This show was drawn almost exclusively from those three albums, with the exception of crowd-pleasing diversions for "Rocks", "Jailbird" and a gorgeous gospelly rendition of "Movin' on up". The Eden Project is perhaps better suited to some of the summer's more mellow performers, such as Brian Wilson and Air, than the Primals' filthy rock'n'roll. But, even with half the audience picnicking on the grass with their children, they still made the ghostly biomes shudder with their intensity.
"Accelerator" and "Sick City" showcased the Johnny Thunders-style guitar licks of Andrew Innes, resplendent in a white suit and hat that made him look half-pimp, half-preacher. A rabble-rousing "Miss Lucifer" - The Stooges remixed by the Chemical Brothers - blended into "Shoot Speed Kill Light", driven by Mani's propulsive bass; in this setting, "Burning Wheel" sounded more than ever like a post-techno update of Pink Floyd's "Set the Controls for the Heart of the Sun".
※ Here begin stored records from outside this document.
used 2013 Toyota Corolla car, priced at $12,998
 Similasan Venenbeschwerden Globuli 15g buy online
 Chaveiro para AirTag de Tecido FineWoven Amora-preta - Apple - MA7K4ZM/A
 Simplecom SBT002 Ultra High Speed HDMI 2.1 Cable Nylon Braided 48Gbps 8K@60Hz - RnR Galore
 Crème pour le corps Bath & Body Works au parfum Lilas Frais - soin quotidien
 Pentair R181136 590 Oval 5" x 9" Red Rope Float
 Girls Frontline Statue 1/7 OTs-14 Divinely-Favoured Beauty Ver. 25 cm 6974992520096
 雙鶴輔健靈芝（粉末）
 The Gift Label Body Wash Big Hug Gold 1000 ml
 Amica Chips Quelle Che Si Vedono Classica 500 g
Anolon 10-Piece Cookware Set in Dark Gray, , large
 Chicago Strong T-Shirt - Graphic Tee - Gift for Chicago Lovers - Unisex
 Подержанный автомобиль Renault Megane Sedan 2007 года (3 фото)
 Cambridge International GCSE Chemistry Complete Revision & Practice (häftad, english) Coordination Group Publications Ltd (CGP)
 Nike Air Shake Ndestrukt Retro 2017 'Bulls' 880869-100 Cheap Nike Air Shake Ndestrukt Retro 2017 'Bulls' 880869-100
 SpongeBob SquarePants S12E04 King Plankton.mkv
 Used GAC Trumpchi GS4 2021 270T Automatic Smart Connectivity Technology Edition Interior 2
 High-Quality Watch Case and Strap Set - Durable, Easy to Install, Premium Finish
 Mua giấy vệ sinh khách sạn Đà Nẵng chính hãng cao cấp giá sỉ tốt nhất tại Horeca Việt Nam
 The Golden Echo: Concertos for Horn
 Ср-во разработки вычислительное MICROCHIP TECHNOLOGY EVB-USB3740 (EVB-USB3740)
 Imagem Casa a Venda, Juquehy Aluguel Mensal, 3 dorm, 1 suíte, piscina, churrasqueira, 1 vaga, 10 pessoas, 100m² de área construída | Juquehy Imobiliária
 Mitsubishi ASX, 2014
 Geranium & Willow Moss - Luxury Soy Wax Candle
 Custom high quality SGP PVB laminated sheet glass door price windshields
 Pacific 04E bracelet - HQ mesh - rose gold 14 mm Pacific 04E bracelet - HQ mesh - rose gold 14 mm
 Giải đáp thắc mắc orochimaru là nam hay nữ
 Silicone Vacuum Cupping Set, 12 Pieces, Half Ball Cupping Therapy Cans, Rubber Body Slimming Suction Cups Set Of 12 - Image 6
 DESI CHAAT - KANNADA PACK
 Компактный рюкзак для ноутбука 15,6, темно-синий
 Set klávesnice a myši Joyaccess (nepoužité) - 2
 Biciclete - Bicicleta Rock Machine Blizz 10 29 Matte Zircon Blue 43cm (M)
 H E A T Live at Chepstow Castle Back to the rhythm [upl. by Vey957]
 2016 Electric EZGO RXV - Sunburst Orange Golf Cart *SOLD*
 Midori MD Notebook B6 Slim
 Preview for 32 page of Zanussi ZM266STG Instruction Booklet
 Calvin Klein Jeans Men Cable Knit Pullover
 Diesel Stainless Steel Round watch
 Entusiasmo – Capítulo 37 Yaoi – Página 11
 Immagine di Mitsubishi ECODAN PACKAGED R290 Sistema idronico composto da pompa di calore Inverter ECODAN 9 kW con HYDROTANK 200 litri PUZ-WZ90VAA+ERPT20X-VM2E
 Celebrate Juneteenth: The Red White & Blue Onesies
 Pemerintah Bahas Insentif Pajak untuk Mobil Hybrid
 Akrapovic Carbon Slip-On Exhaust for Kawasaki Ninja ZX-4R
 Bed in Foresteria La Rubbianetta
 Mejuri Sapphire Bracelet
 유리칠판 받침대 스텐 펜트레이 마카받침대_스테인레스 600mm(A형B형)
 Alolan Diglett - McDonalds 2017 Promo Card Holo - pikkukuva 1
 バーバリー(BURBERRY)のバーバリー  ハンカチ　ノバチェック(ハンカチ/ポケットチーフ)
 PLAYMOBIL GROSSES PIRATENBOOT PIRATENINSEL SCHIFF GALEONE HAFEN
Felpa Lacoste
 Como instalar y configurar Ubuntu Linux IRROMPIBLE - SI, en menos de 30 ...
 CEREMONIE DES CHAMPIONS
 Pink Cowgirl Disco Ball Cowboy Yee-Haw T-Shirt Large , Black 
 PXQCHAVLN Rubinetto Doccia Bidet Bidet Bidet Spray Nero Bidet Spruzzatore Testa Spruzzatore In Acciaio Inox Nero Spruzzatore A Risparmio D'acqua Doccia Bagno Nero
The psychedelic jam of "Kill All Hippies" gave Martin Duffy an opportunity to explore his keyboard effects before the motorik rhythm that drives Detroit kicked in, reminding us that there's a powerful dance sensibility underpinning the sound. Best of all, on "Kowalski", a subterranean symphony celebrating speed, and "Swastika Eyes", a perpetual highlight of their live show, the Primals seamlessly amalgamated rock and dance cultures into a pulsating whole. Lights flashed, sirens bleeped, glam-guitar power-chords and funky fuzz-basslines slashed through relentless techno rhythms, and Gillespie howled his sloganeering lyrics, condemning America's "military-industrial illusion of democracy" with snarling, sarcastic fury.